Dataset excerpts:
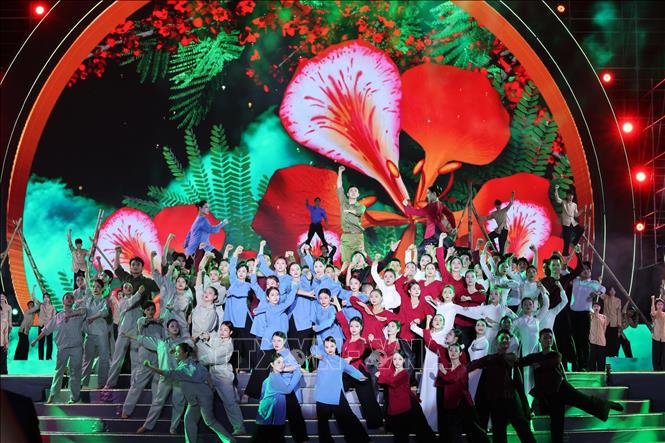Chủ tịch nước Lương Cường: Hải Phòng có cơ hội to lớn sánh vai với các thành phố tiêu biểu ở châu Á- Ảnh 6. Chủ tịch nước Lương Cường: Hải Phòng có cơ hội to lớn sánh vai với các thành phố tiêu biểu ở châu Á- Ảnh 6.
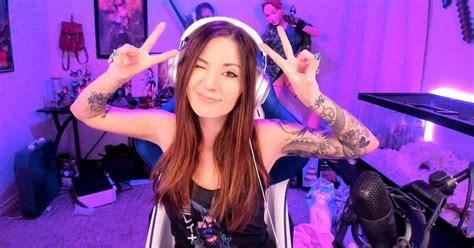 the most popular female twitch streamers of 2022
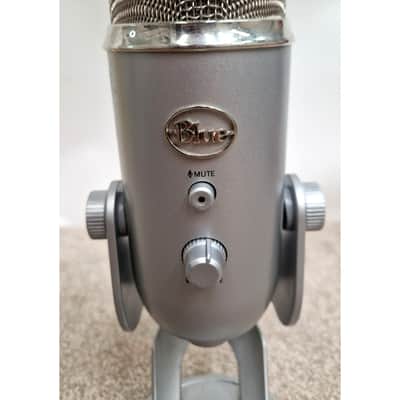 Blue Yeti - USB Microphone - Silver - Excellent image 7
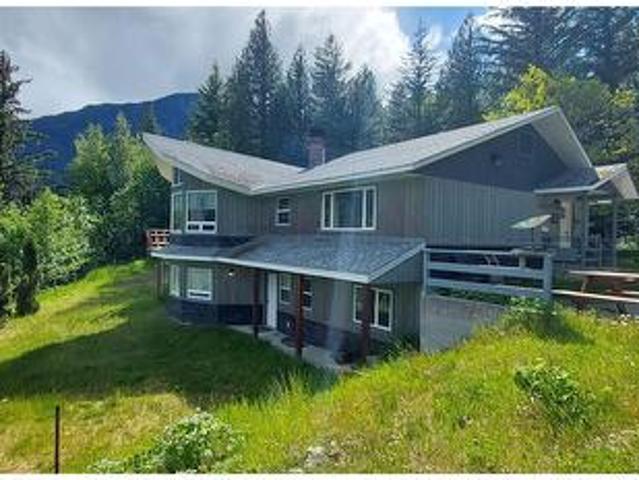 4770 Mackenzie Highway, Bella Coola, BC, V0T 1H0 Luxury House for sale | Listing ID R3028 | Royal LePage Carriage Trade Luxury Properties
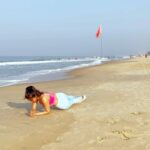 Sakshi Agarwal Instagram - Your biggest competition is you and only You! Whichever city , your effort and hardwork should remain consistent! Location doesn’t matter , season doesn’t matter 💞 . Swipe🔛 for more routines . Workout routine includes all my favourites for a quick side and core workout ! Also managed to get the kettlebell to the beach❤️ . #workout #fitfam #fitness #beachfitness #beachworkout #waves #water #motivation #goals #abs #sides #core #kettlebell #beachcardio The Leela Goa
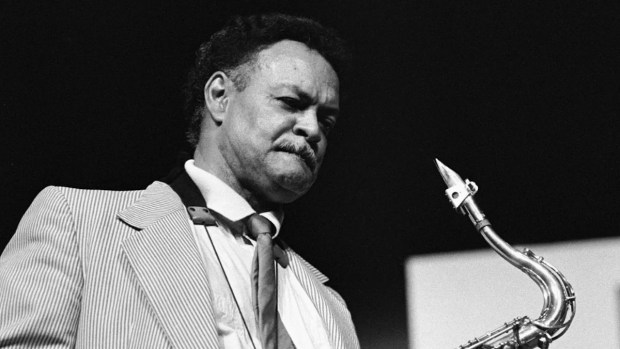 Plas Johnson, saxophonist behind iconic 'The Pink Panther' theme song, dies at 94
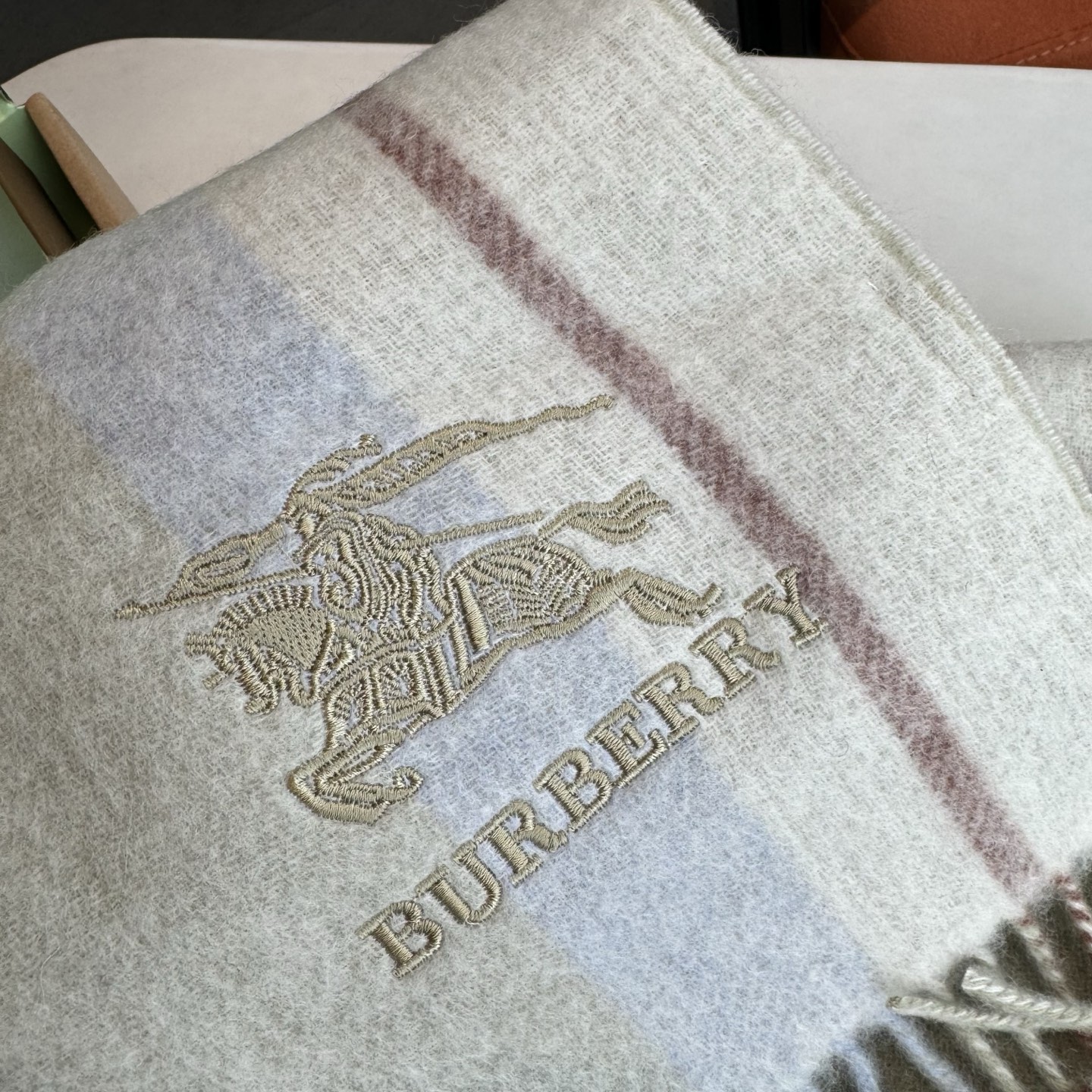 Burberry Burberry · 巴宝莉双面围巾 的要疯掉了 太有型太有魅力了 非常斯文 的秋冬单品 真的很喜欢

Try it: Write out word for word the lines above that run from the one with "the most popular" to the one with "4770 Mackenzie Highway, Bella". Include both end lines; exclude the images.

Reply to the task:
 the most popular female twitch streamers of 2022
 Blue Yeti - USB Microphone - Silver - Excellent image 7
 4770 Mackenzie Highway, Bella Coola, BC, V0T 1H0 Luxury House for sale | Listing ID R3028 | Royal LePage Carriage Trade Luxury Properties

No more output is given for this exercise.